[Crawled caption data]
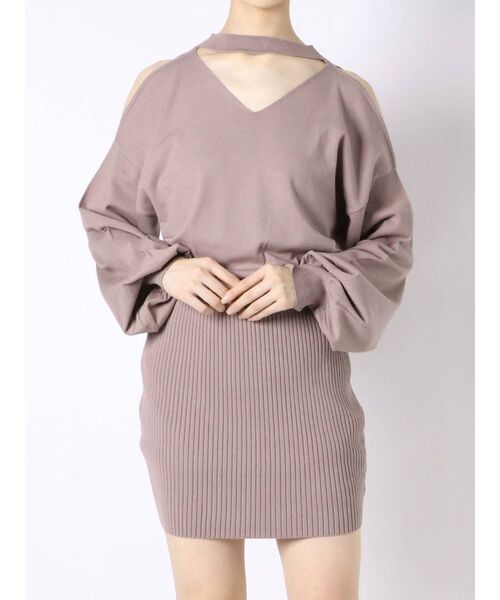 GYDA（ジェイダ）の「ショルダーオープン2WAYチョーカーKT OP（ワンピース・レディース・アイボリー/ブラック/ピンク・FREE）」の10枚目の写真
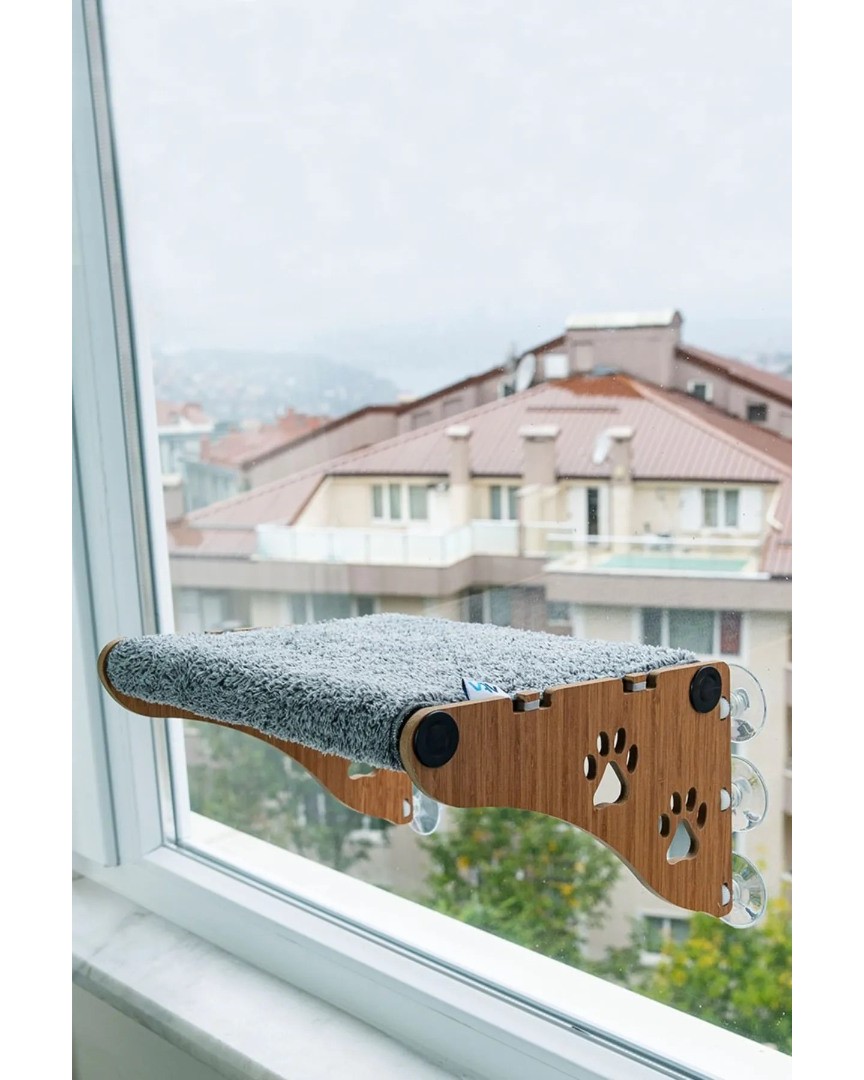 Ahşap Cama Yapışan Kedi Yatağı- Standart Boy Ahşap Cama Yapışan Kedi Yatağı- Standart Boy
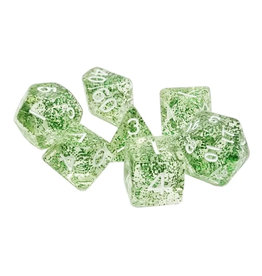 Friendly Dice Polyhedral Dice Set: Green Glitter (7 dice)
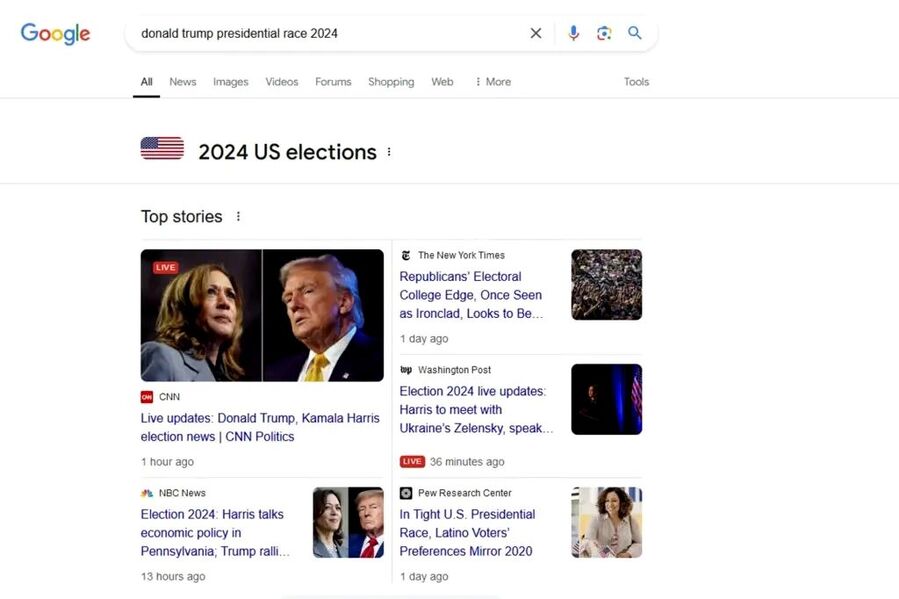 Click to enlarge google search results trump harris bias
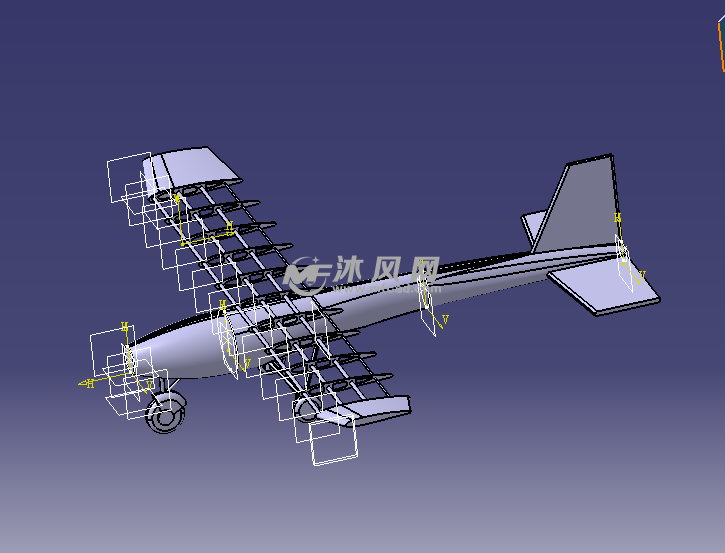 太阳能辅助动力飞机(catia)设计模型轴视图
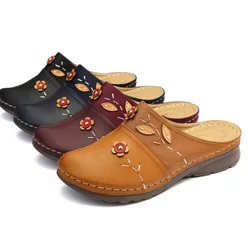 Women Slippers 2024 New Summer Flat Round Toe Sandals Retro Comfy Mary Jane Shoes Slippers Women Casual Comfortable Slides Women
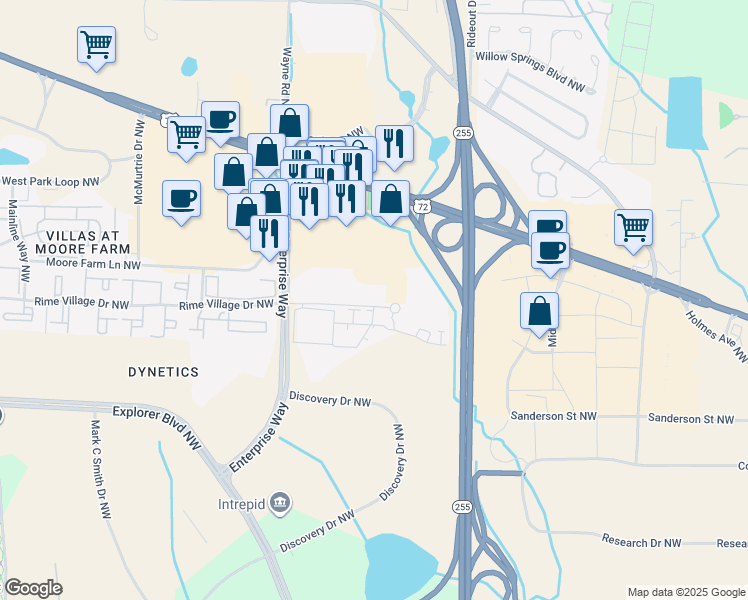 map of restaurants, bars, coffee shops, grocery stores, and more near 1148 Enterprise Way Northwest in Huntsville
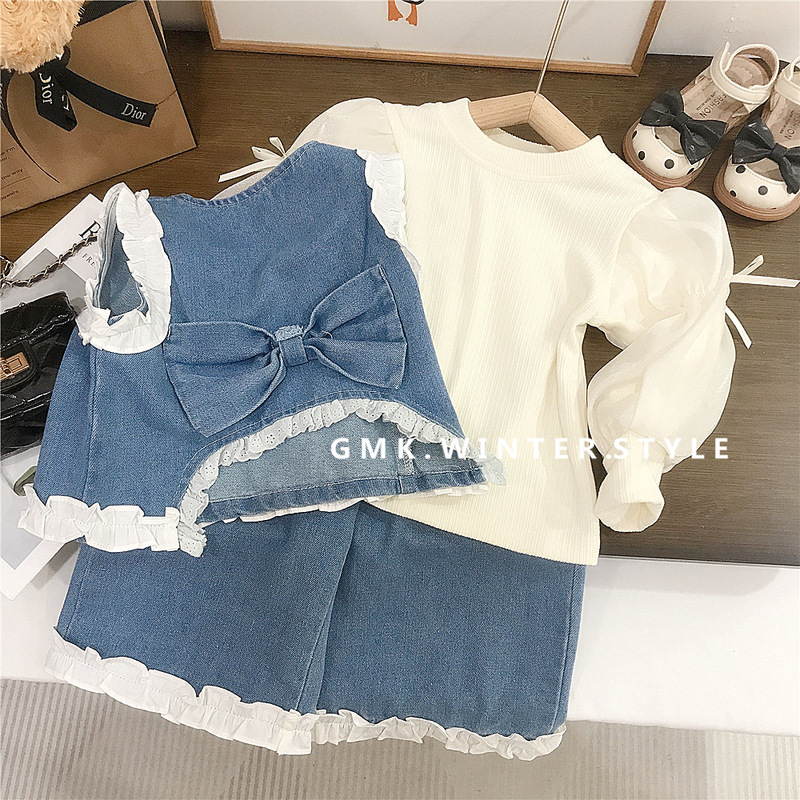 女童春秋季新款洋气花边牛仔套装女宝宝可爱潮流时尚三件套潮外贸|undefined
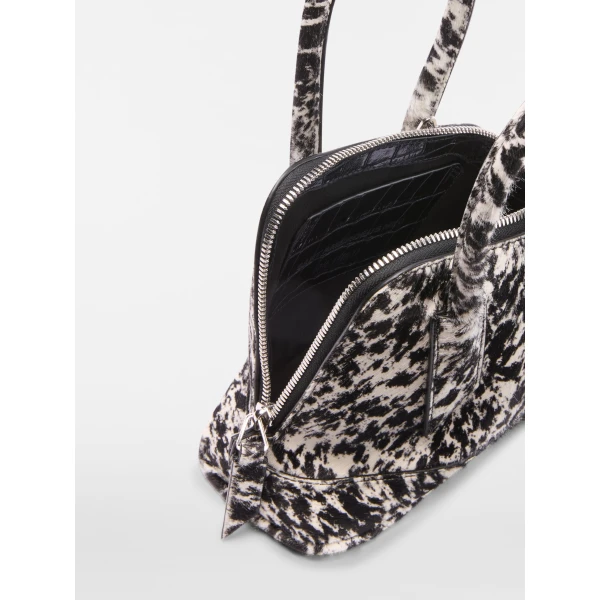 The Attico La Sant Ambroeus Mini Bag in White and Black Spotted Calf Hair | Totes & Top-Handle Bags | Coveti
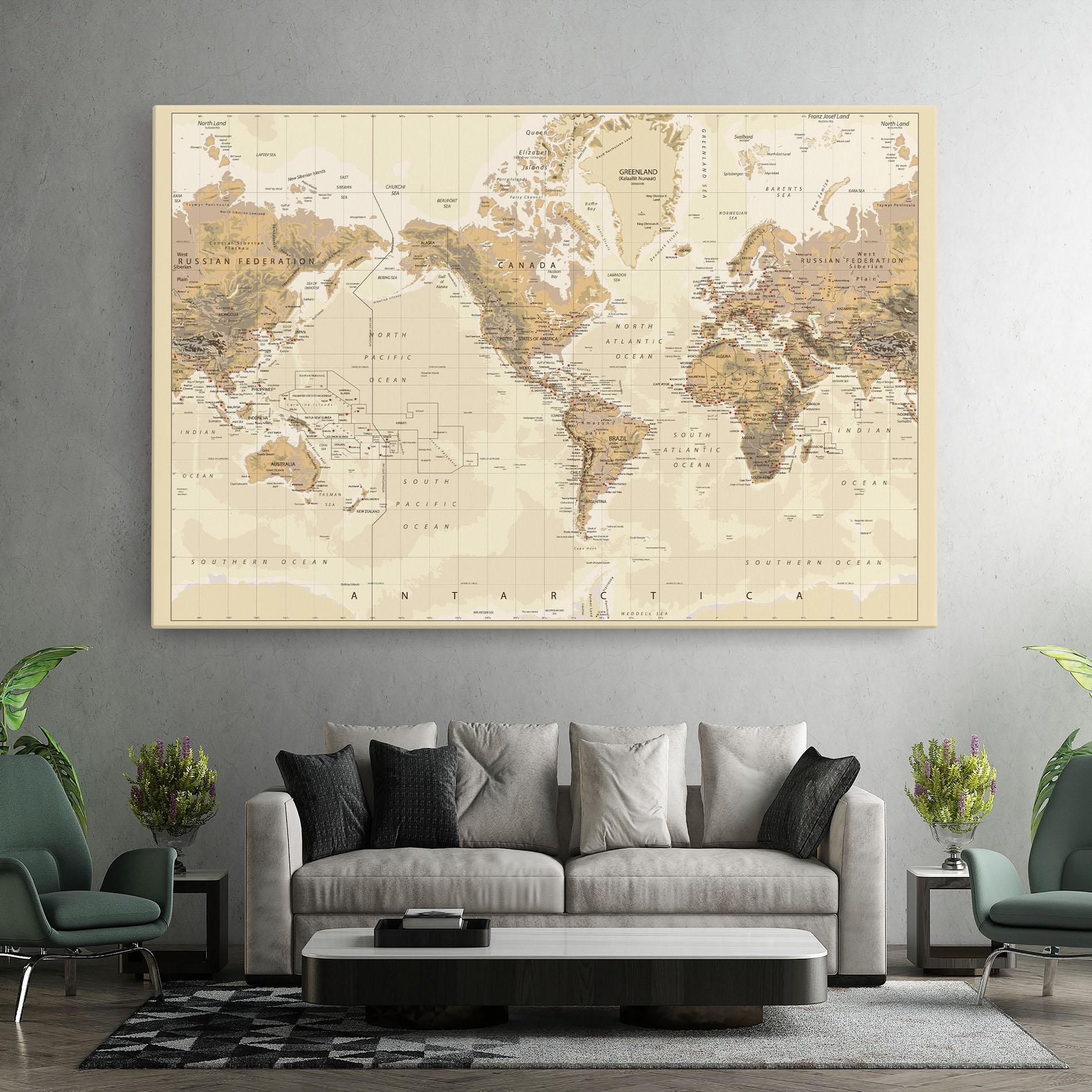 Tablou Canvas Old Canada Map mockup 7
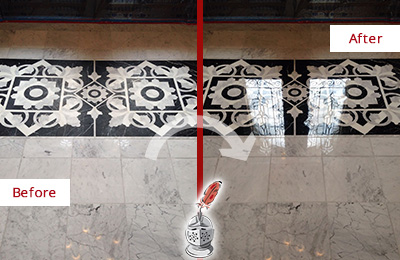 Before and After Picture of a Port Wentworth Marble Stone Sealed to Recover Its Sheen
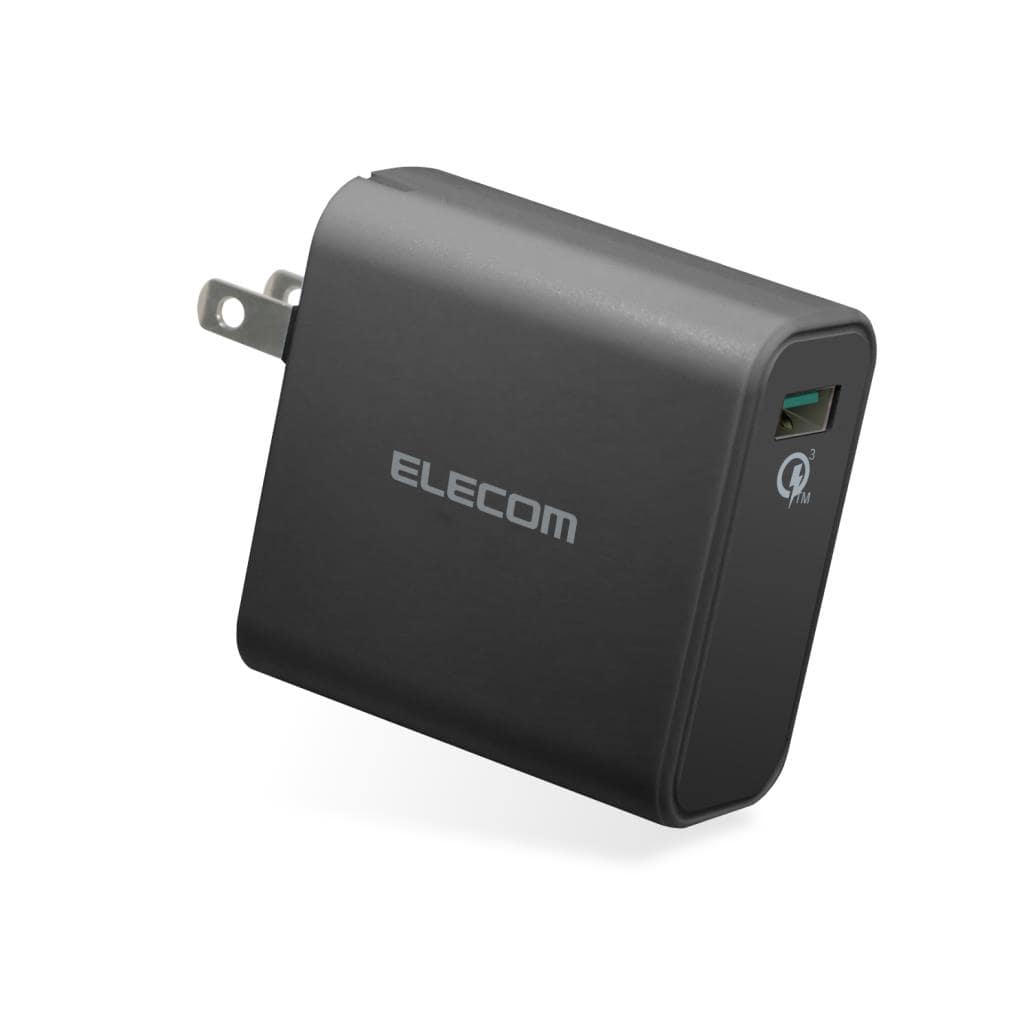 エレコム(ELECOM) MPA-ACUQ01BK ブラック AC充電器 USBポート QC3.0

### Exercise description
Reproduce all of the data exactly; the pictures do not belong in the copy.

### Answer for the task
 GYDA（ジェイダ）の「ショルダーオープン2WAYチョーカーKT OP（ワンピース・レディース・アイボリー/ブラック/ピンク・FREE）」の10枚目の写真
 Ahşap Cama Yapışan Kedi Yatağı- Standart Boy Ahşap Cama Yapışan Kedi Yatağı- Standart Boy
 Friendly Dice Polyhedral Dice Set: Green Glitter (7 dice)
 Click to enlarge google search results trump harris bias
 太阳能辅助动力飞机(catia)设计模型轴视图
 Women Slippers 2024 New Summer Flat Round Toe Sandals Retro Comfy Mary Jane Shoes Slippers Women Casual Comfortable Slides Women
 map of restaurants, bars, coffee shops, grocery stores, and more near 1148 Enterprise Way Northwest in Huntsville
 女童春秋季新款洋气花边牛仔套装女宝宝可爱潮流时尚三件套潮外贸|undefined
 The Attico La Sant Ambroeus Mini Bag in White and Black Spotted Calf Hair | Totes & Top-Handle Bags | Coveti
 Tablou Canvas Old Canada Map mockup 7
 Before and After Picture of a Port Wentworth Marble Stone Sealed to Recover Its Sheen
 エレコム(ELECOM) MPA-ACUQ01BK ブラック AC充電器 USBポート QC3.0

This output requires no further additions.